*** EXERCISE DATA ***

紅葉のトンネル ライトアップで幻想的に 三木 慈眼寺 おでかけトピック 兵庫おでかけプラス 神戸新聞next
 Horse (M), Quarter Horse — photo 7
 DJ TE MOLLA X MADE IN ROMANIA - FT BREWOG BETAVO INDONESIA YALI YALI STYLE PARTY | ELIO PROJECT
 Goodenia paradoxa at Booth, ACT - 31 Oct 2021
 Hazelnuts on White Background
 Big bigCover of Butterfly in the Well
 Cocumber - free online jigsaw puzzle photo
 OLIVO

*** End of EXERCISE DATA ***

EXERCISE AIM:
Copy out all the lines of the records that include "photo".

EXERCISE OUTPUT:
 Horse (M), Quarter Horse — photo 7
 Cocumber - free online jigsaw puzzle photo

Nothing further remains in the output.